2.2. Self-Supervised Learning

Self-supervised learning acquires features from the data itself without any manual labels. As a promising alternative, it has drawn massive attention for its data efficiency and generalization ability. Generally, it can be divided into three categories: context-based methods [24,25,29,30,31], temporal based methods [32,33,34,35] and contrast based methods [36,37,38,39,40]. Context-based methods learn from the sample contextual information itself. Temporal-based methods build feature representations by taking advantage of time constraints, which can be applied to videos.

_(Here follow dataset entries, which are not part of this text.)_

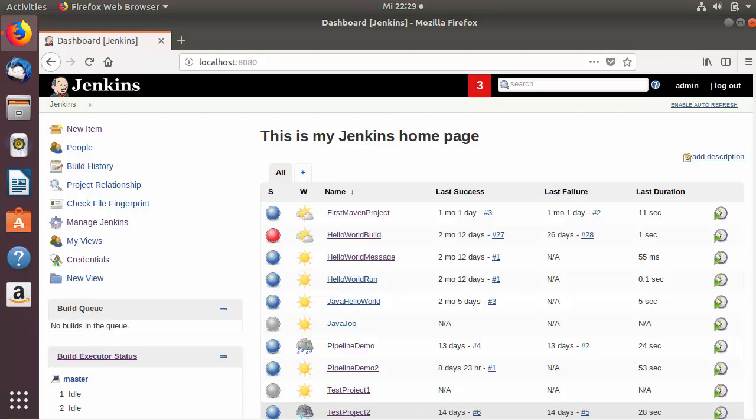Welcome to the next video on Jenkins tutorial for beginners. In the last video we saw how to create a slave agent in Jenkins and launch the slave agent via SSH. In this video I'm going to show you how to create a slave agent and launch it via a method called Java Web Start. In the last video we created a Linux slave agent, and in this video I'll show you how to create a Windows slave agent.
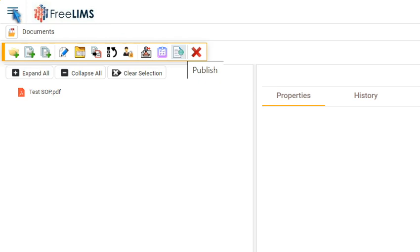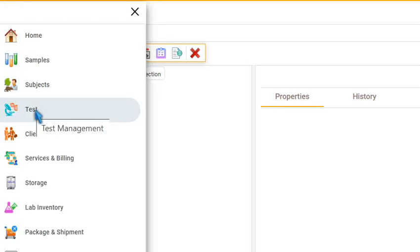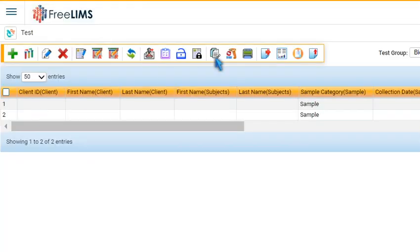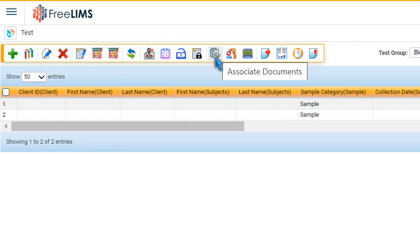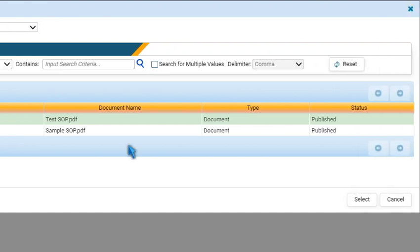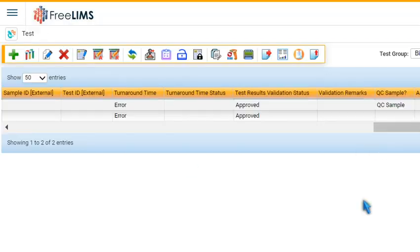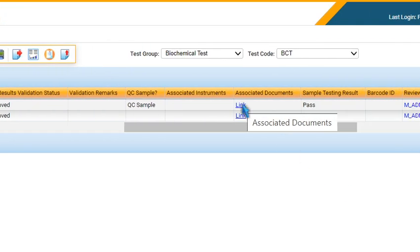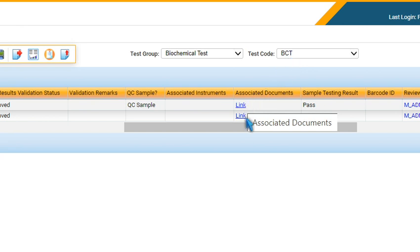Now, navigate to the Test Management module and click the Associate Document icon. Select the required document from the list of available documents and press Select. The selected document gets associated with all the test records present under the selected Test Group and Test Code, and is visible both in the Tabular view as well as in the Form view.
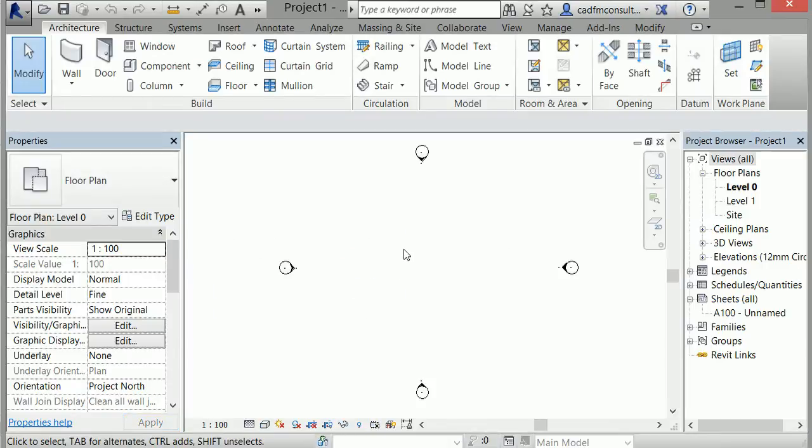You can see I now have a new blank project with all of my floor plans, ceiling plans, and 3D views.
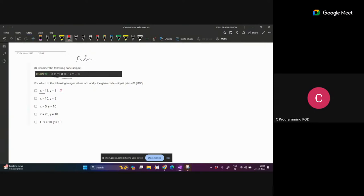Let's check the second condition: 10 is greater than 5 - yes - and 10 divided by 5 is 2 - this is true. So the second option is correct. Now x equal to 5 and y equal to 10: x is greater than y - no - so the first condition is false, no need to check the second condition. The compiler also ignores the second condition if the first condition is false. So that option is not correct. Next one: x equal to 20, y equal to 10. So x is greater than y - yeah, this is true.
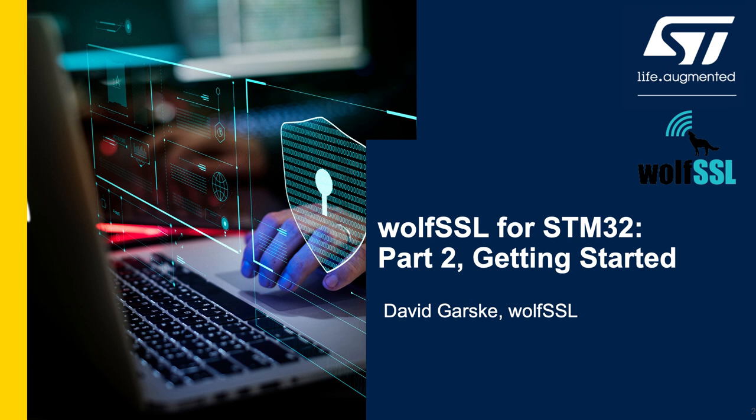Hello, my name is David Garsky and I'm a software engineer at WolfSSL. This is part two of a video series for WolfBoot with the STM32, and today is the getting started video.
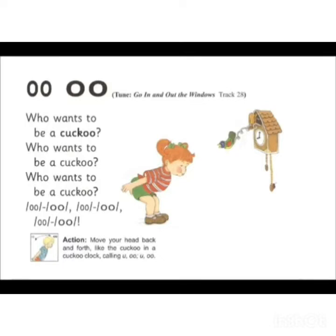Who wants to be a cuckoo? So children, did you like the rhyme?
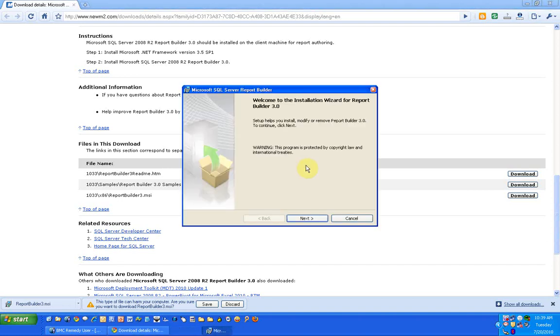The installer is preparing to install. We have a few setup steps and then we click on next for configuration.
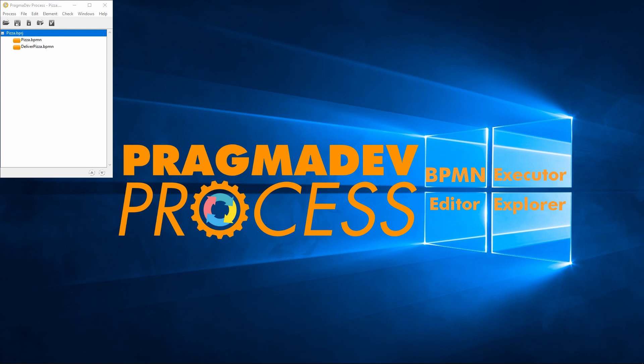Welcome to this demonstration of Pragmadev Process. Pragmadev Process is a simple yet powerful tool that aims at helping business process modelers to verify their models. It integrates a BPMN editor, executor, and explorer.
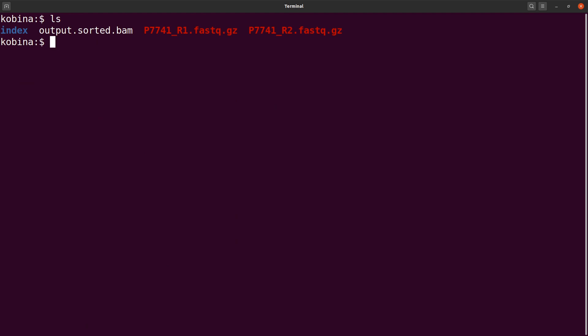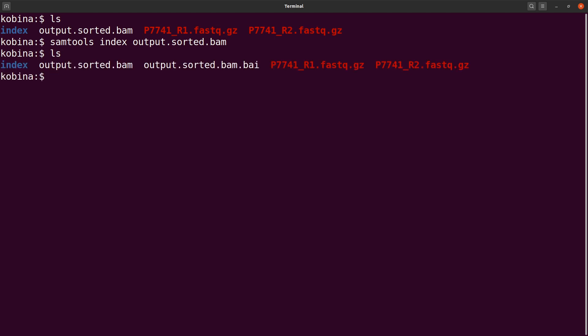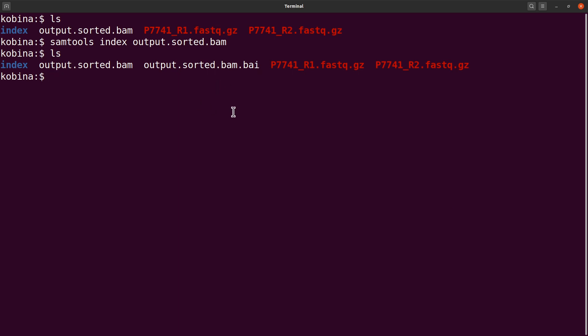Some programs also require that BAM files are indexed. Tools like GATK will require that. To index the BAM file, run 'samtools index output.sorted.bam'. After that, if you do an 'ls', you'll see a '.bai' file, which is the BAM index file.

Contrast-based methods are carried out based on contrast constraints, which build representations by learning to encode the similarity or dissimilarity of two things. Based on the contextual information of the data itself, many tasks can be constructed. For example, given an image with a missing region, Context Encoder [29] was trained to predict the missing pixel values. With the input of gray images, a CNN model [26] is required to output the distribution over quantized color values. Masked self-supervised learning is also a kind of context-based method which has attracted many researchers. Noroozi et al. [41] divide images into patches just like [25] and proposed to learn image representations by solving jigsaw puzzles. Vincent et al. [24] proposed to generate masks as noise to assist the model in learning valuable representations. Vision Transformer (ViT) [31] also explored masked patch prediction for self-supervised learning.

3. Approach

In this section, we will describe our approach toward masked self-supervised pretraining for face parsing.

3.1. Overall Framework

The overall framework of our approach is shown in Figure 1. In Step 1, the neural network is pretrained on the masked images, which is expected to reconstruct the input images without the requirement of parsing labels. In the second step, the neural network is fine-tuned on a certain number of images with parsing labels.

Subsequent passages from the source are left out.